A review sometimes says as much, if not more, about the reviewer as the reviewed*. So I shall begin by fessing up that I still do not feel comfortable commentating on others’ work; I am all too aware of my own limitations (non-literary/classical education; lack of depth, coming to poetry relatively recently in my life – a decade is not long enough to begin to scratch the surface). However, How to Euthanise a Cactus, published by Cinnamon Press, is one of those collections that gets me deep in the gut or under my skin or any other clichéd term for Wow! so here goes.
In the opening poem, ‘Nightmares’, “There are truths we cannot write/ … / We know their names,/ we know their faces.” One strand of the collection is of dark, often caustically humorous, disgust with corrupt socio-political life; the other strand is of tender love for those close to us. They are part of the same whole, honed by sharp intelligence and unflinching observation, mainly of Kenya, Derwent Partington’s chosen homeland.
From ‘Narration’, the poems move deftly into the political. ‘Lethe’ considers how “In 4-by-4s, Big Men from each and every province” wish to erase historic violence even from memory – harking back to ‘Nightmares’ (“It was all a dream”), ending, “You don’t remember? I have a cutting. Take a peek.”
Nothing is wasted. “Cutting” might be the obvious newspaper clip or it might be a physical scar or a burial. Some poems meld classical references with sharp currency, highlighting that there is nothing new in atrocities or greed. They bear witness to human frailty or abuse guised as “refined Armani politics”. Brief notes at the back clarify Kenyan references and double meanings (for example, someone requesting “soda” might be soliciting a bribe).
Many of the poems highlight unbalance in humanity but there is uplifting celebration, too. ‘Praise Poem’ begins:
We praise the man who,
though he held the match between
his finger and his thumb,
beheld the terror of its tiny drop of phosphorus,
its brown and globoid smoothness
like a charred and tiny skull
and so returned it to its box.
Each stanza honours a man who didn’t do something – violence, rape, oppression – but stepped back from hate, from any footnote in a history text, and walked away unknown. It ends:
And to the rest of us,
may you never have to be that man,
but if you have to,
If poetry’s the new rock and roll, that one’s an anthem that should raise the rafters at any gig.

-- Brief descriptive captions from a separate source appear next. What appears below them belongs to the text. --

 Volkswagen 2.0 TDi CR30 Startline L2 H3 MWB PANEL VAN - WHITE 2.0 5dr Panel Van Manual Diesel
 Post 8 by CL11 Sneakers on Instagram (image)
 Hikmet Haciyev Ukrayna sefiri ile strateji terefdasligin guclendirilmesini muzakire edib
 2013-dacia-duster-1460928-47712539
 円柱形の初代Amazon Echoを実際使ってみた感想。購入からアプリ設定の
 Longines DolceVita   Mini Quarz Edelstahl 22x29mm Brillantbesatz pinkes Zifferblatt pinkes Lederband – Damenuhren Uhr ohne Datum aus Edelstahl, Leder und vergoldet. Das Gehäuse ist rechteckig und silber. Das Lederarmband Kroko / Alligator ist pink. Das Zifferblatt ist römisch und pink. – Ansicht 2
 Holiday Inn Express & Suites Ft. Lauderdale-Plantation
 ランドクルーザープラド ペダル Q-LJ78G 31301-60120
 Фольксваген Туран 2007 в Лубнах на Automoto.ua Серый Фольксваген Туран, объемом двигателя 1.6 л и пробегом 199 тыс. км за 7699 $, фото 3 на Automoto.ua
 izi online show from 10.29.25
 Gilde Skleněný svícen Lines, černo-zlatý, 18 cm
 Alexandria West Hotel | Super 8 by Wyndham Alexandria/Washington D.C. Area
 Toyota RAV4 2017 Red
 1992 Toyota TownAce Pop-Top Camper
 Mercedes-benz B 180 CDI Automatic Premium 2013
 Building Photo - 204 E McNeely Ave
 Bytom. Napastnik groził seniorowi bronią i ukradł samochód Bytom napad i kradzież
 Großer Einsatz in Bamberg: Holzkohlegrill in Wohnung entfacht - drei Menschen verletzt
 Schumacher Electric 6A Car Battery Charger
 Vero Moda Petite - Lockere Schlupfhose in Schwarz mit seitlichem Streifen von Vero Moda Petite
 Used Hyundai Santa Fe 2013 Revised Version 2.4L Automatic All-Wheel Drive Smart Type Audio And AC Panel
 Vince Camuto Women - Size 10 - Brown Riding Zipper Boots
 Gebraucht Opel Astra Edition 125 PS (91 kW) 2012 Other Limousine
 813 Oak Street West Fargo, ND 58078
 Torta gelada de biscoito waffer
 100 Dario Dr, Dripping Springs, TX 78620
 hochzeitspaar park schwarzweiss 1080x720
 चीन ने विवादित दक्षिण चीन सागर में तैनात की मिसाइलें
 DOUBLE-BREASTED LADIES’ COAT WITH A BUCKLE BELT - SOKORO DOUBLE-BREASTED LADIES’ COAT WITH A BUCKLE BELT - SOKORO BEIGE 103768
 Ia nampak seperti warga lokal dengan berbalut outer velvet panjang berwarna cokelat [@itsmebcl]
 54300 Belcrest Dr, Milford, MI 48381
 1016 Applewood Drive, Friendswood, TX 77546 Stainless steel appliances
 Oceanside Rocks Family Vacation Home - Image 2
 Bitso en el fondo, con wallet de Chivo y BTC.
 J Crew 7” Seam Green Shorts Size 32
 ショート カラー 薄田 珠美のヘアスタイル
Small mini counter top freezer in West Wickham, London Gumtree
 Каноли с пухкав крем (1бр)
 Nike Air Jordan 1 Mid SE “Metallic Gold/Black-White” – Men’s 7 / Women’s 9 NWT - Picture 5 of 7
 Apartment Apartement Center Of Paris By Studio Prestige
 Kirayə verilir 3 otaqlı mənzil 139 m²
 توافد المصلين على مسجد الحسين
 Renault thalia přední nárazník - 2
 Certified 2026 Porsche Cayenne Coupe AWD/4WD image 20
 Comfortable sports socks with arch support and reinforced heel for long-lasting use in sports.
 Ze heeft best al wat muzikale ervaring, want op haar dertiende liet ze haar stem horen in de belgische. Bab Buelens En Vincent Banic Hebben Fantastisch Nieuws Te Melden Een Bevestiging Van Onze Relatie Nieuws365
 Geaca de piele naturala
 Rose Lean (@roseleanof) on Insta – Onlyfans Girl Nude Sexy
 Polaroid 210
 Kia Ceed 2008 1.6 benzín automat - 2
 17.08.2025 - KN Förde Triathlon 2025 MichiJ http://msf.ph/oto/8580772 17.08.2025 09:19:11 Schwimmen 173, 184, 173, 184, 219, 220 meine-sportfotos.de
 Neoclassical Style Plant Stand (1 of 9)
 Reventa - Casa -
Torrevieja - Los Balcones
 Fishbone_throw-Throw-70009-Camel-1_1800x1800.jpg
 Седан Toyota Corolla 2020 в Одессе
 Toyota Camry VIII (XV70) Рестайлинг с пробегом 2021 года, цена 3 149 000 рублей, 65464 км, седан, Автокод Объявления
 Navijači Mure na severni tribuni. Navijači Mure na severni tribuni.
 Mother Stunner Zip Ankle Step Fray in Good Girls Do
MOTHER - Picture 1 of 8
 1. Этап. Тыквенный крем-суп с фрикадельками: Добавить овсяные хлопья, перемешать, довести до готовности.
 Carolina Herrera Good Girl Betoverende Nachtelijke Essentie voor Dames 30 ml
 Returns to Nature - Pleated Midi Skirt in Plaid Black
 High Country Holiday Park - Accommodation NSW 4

All is written with a clarity of vision on whatever stage or scale and a complete, precise control of language. Details are observed – and used – exactly: “Did you notice? Did you frown, or did you grin?” The ideas move far beyond their immediate groundings, as does the narration.
The last section of Cactus includes some intensely personal poems on childbirth, love and belonging. “Oxford: I forget which college” has become part of the narrator’s Kenya: “chapel: small and darkwood/ like a shrine carved in the belly/ of a baobab tree…”
Towards the end (where we do learn how to euthanise a cactus but you’ll have to read it yourself to find out) local drought brings us back to the political as “The dam is gaping …/ … the wildlife …/ turn their backs, like politicians/ saunter on.”
There’s so much to applaud I’ve not even touched on in this review; absolutely recommended.
*Edit: This was written before the #derangedpoetess Twitterstorm.